Sookz described how he practices gratitude daily using a metaphor: there’s a cup. At the beginning of your day it’s empty. As your day progresses, you fill it up with new experiences and new lessons, both good and bad. At the end of the day, it’s about saying thank you for all that has happened.
“When you’re in a state of gratitude, there’s so much more appreciation. You don’t think about the bad stuff,” he said. “I definitely have my moments where I think ‘this is isn’t enough,’ or ‘I could be better at this’ but I always try to fall back on gratitude.”
He wasn’t always in this state of mind, though. When it came to figuring out his career path in his early 20s, he said he was in limbo for a while. “I didn’t know where I wanted to go with my career,” he said. He knew he loved film and sound scores. At 22 years old, he enrolled in electroacoustic studies at Concordia, even though he didn’t have a musical background.
“It ended up being really good for me,” he said. The program led Sookz to the birth of a new passion: music production.
It wasn’t always easy. He struggled learning music composition and putting together harmonious melodies. He didn’t really know what his sound was, but it made him continue working hard to find it.
He set up his own studio in his parents’ basement and decided to take music more seriously. The studio was made up of a set of speaker monitors, an apogee ensemble, a microphone and an iMac. He isolated himself to refine his craft. He compiled hard drives full of instrumentals and beats, many of which became collaborations with several artists. Since then, Sookz has relocated to a place he calls home, filled with new gear and recording equipment, and has moved onto bigger projects.
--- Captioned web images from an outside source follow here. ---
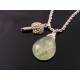 Prehnite Necklace with Flower Charm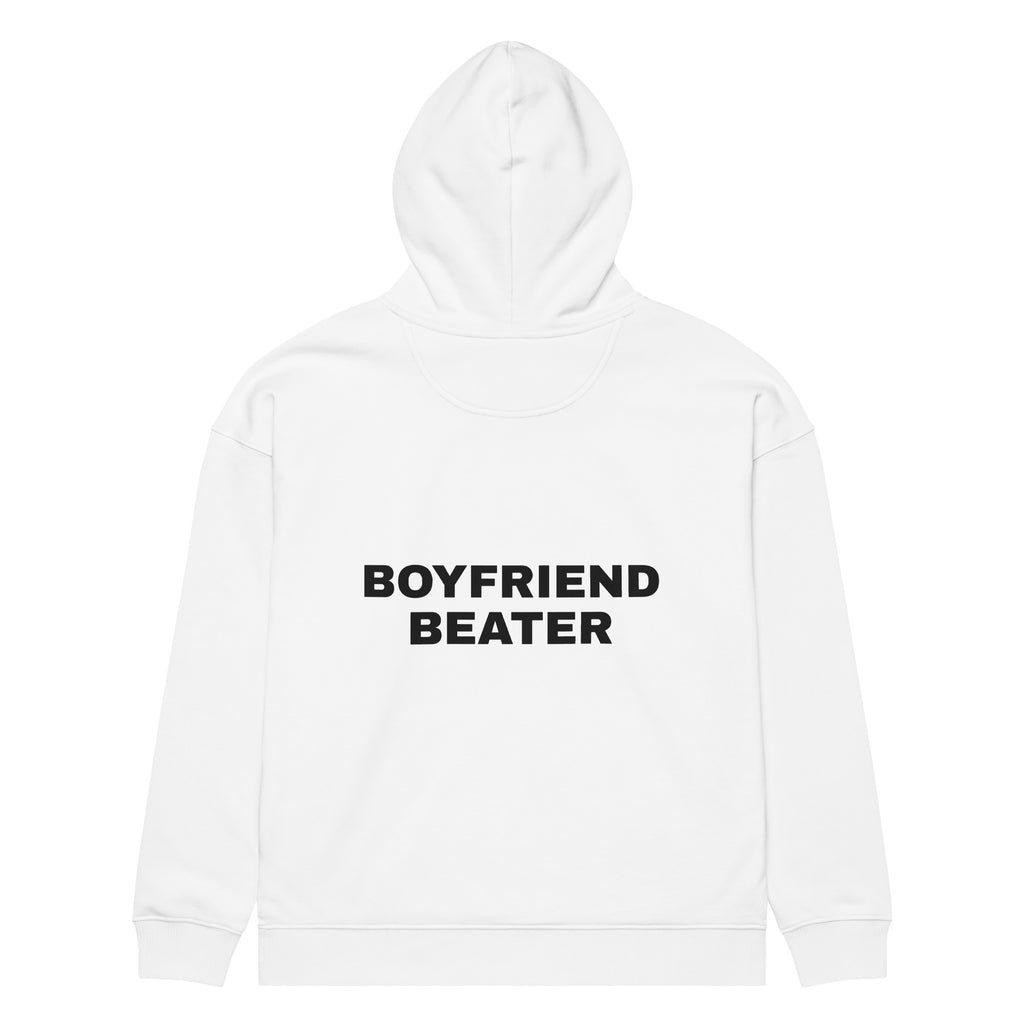 BOYFRIEND BEATER oversized hoodie – white back view | So True
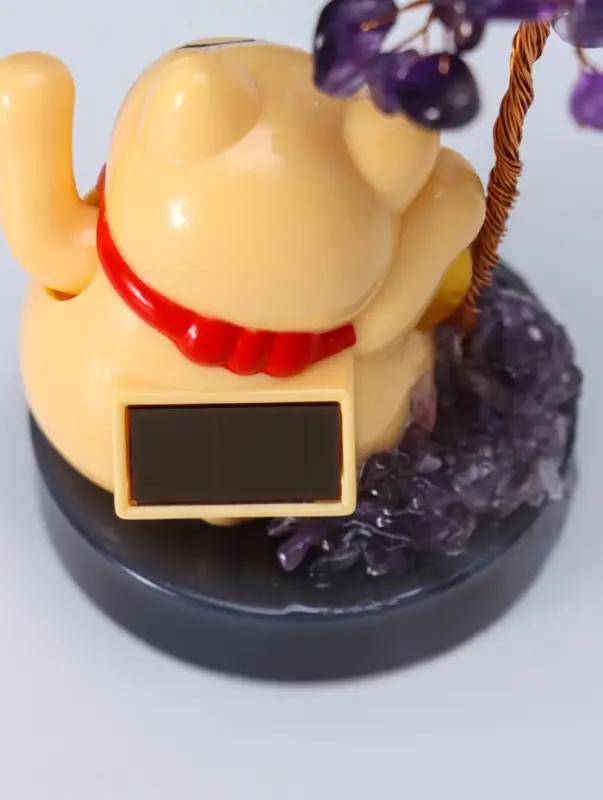 Маятник пластик "Жёлтый Манэки-нэко у дерева" 36 камней 5,5х5,5х11 см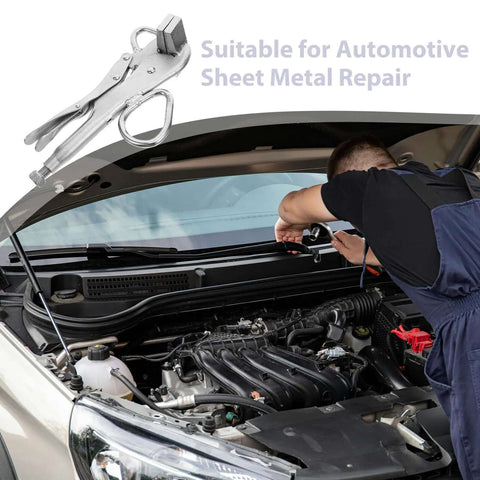 Mechanic using Heavy Duty Auto Body Sheet Metal Repair Pliers With Adjustable Locking Welding Clamp for panel fastening on car engine.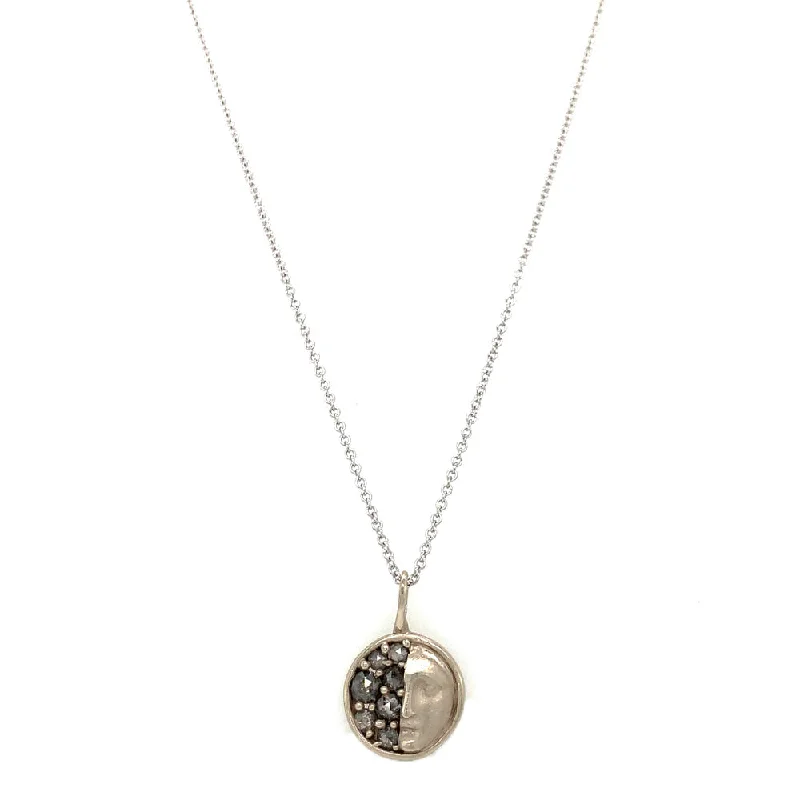 women rope necklaces -Salt & Pepper Diamond Necklace in White Gold - "Fragmented Sibyl"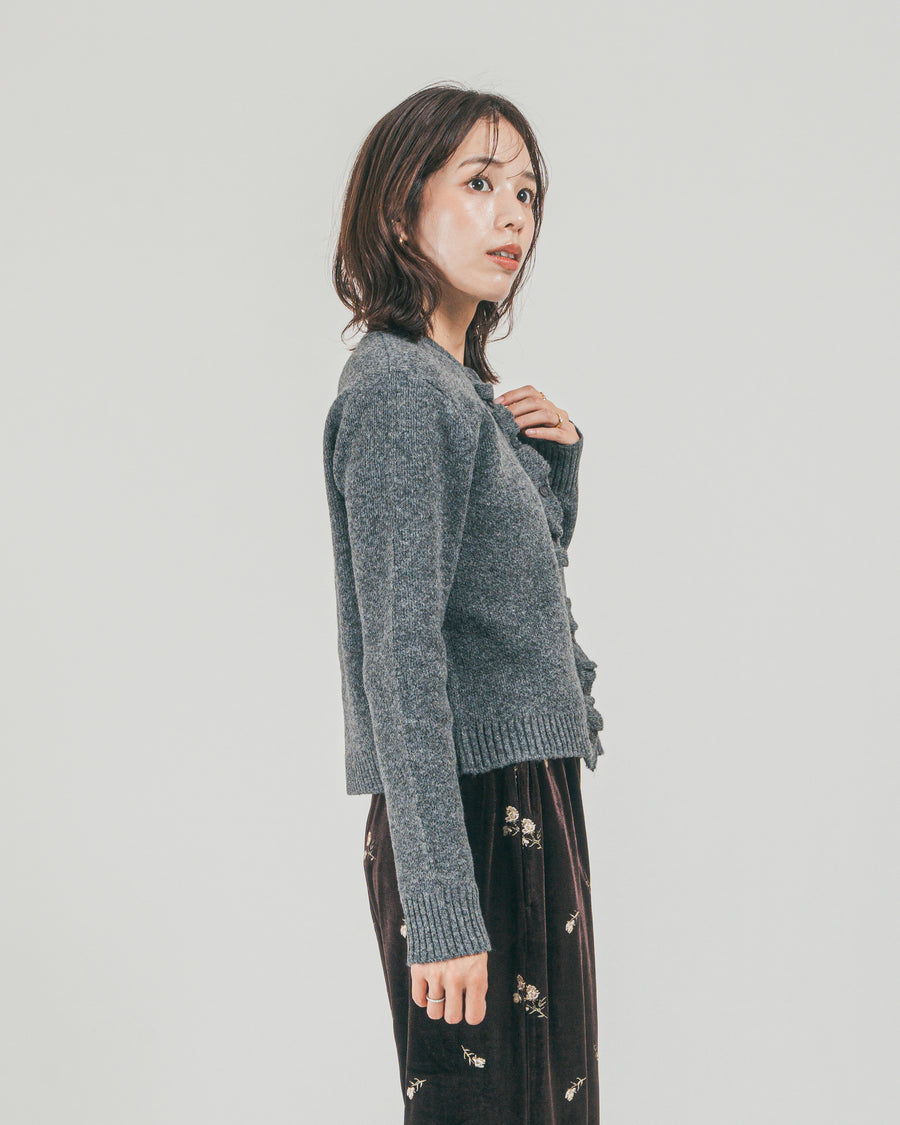 ［SET］フロントフリルメランジニットカーデ + Flower刺繍 ベロアパンツ（2SET）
“I didn’t speak to anyone,” he said. “I was alone in my basement. I just worked on music for a long time.” He would listen to classical music to get his creative juices flowing, particularly Beethoven and Tchaikovsky. “Their pieces are very emotional, and the way they’re orchestrated, each instrument has a voice, and each voice is saying something different,” he said.
What the music says is important to Sookz. It’s what drives him to create it in the first place. His motto: It’s not about him. It’s about the music.
“With producing music, it’s like I black out. It’s such a state of flow that I get into,” he said. He often gets up before sunrise, at three or four in the morning to work on music. “I feel like my mind is really empty at that time, and so I could really listen to what the music has to say.”
Whether he plays a few notes or a three-chord progression, the relationship that the sounds have together is how the musical story unfolds, he said, adding “The music creates itself … What I’ve come to learn is that I’m not an expressive artist. I like to let the music tell the story.”
Layer after layer, instrumentals are created. Some are dramatic movie-like scores, others funky R&B beats. Sometimes, they’re pure electronica. When he began working with vocalists, though, that’s when the game really changed.
Two years ago, he met alternative R&B musician Voyce*. Sookz heard one of his songs, really admired his voice and messaged him asking if he wanted to collaborate on a track. He sent him an instrumental piece and Voyce* returned it to him complete with vocals.
“Next thing you know we were 12 tracks deep and we had a full album,” Sookz said with a laugh. “While we were making it we started to develop a really cool friendship.”
The two released the album in mid-December, titled Hidden in Plain Sight: King of the Sand Castle, which consisted of an eclectic mix of bass-heavy R&B beats and electronic sounds, complete with Voyce*’s dynamic range and emotional vocals. The first song they recorded together, “Proud of You,” is featured on it.
“It kind of felt like I was working with myself,” Voyce* said about the production process. “We both gave each other the flexibility to do what we wanted because we both have the same mental state with music.”
The duo will be releasing another album in March, titled Lords of Gemini: Somewhere Between Worlds. Sookz will also be working on his own electronic album called Fury of a Patient Man, and throughout the year will be collaborating with various artists.
“I was always sort of in a rut and trying to find my way with music,” Sookz said. “But now that I’ve found this sense of gratitude, it’s all come together.”